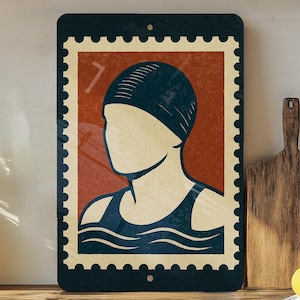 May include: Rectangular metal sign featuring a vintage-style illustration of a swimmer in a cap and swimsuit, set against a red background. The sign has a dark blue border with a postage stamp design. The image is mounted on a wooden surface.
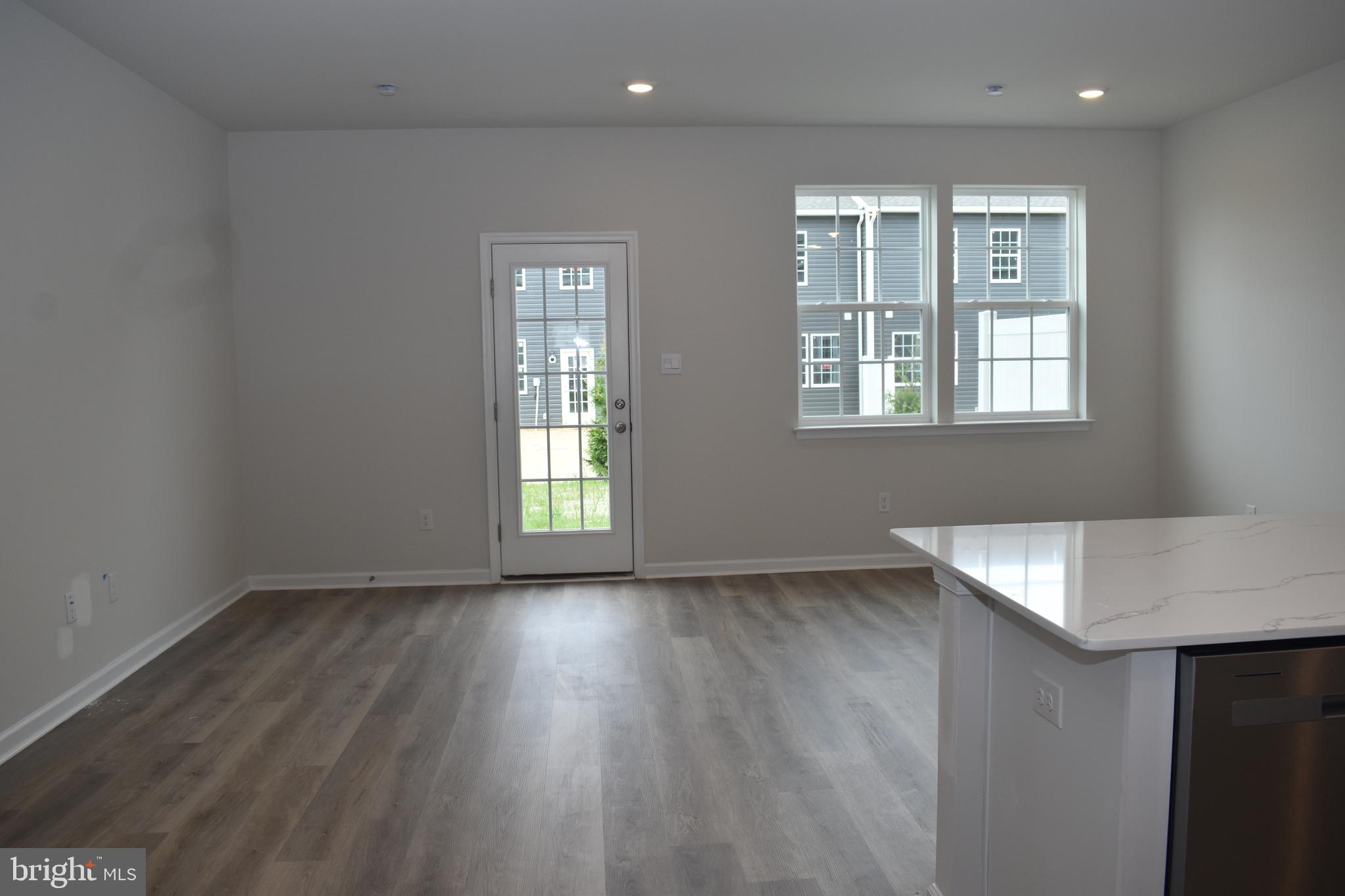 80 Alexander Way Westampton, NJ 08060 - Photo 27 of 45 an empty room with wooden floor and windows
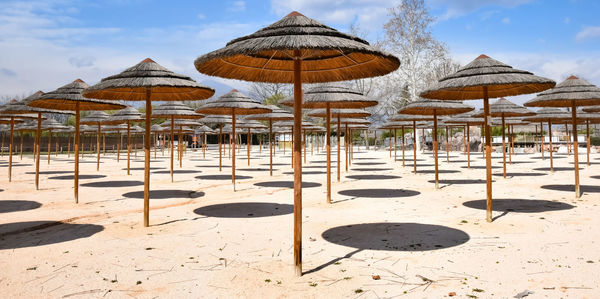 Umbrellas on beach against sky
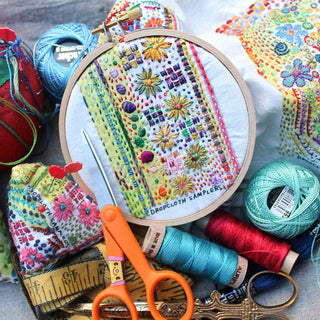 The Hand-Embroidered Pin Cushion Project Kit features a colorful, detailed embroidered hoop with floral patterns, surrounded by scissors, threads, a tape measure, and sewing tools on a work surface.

**Work required:**
Once more, give the listing above exactly, leaving each picture out.

**Answer box:**
 May include: Rectangular metal sign featuring a vintage-style illustration of a swimmer in a cap and swimsuit, set against a red background. The sign has a dark blue border with a postage stamp design. The image is mounted on a wooden surface.
 80 Alexander Way Westampton, NJ 08060 - Photo 27 of 45 an empty room with wooden floor and windows
 Umbrellas on beach against sky
 The Hand-Embroidered Pin Cushion Project Kit features a colorful, detailed embroidered hoop with floral patterns, surrounded by scissors, threads, a tape measure, and sewing tools on a work surface.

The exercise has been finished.